WHAT IS BEING ASKED. Please reproduce the data exactly, excluding any pictures it contains.

DATA PROVIDED START

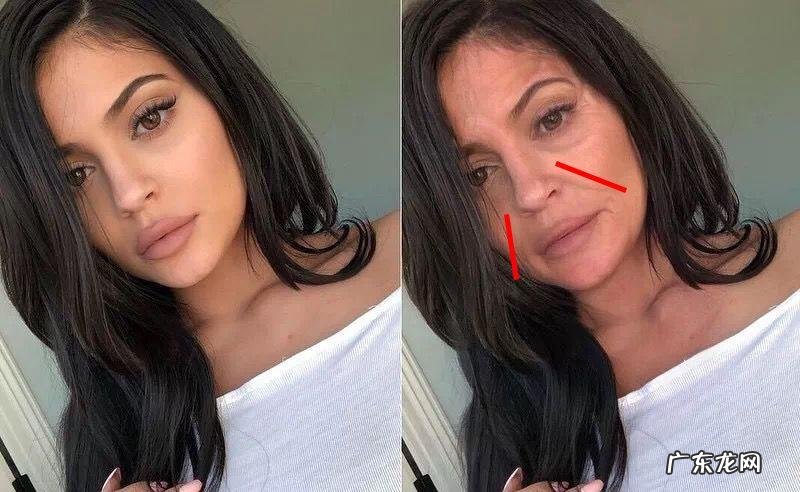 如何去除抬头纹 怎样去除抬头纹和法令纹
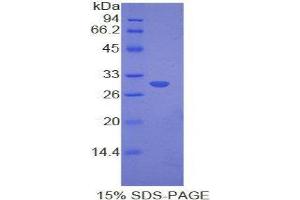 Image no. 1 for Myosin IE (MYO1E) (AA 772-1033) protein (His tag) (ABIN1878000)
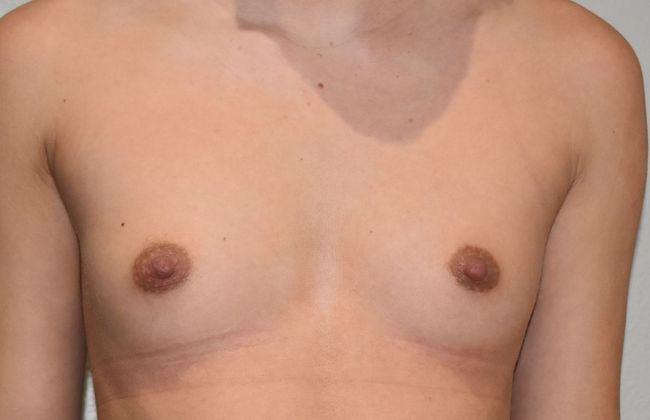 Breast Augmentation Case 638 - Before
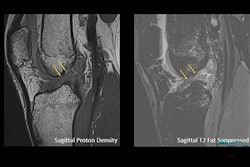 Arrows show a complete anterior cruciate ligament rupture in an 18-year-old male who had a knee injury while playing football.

DATA PROVIDED END

ANSWER SECTION.
 如何去除抬头纹 怎样去除抬头纹和法令纹
 Image no. 1 for Myosin IE (MYO1E) (AA 772-1033) protein (His tag) (ABIN1878000)
 Breast Augmentation Case 638 - Before
 Arrows show a complete anterior cruciate ligament rupture in an 18-year-old male who had a knee injury while playing football.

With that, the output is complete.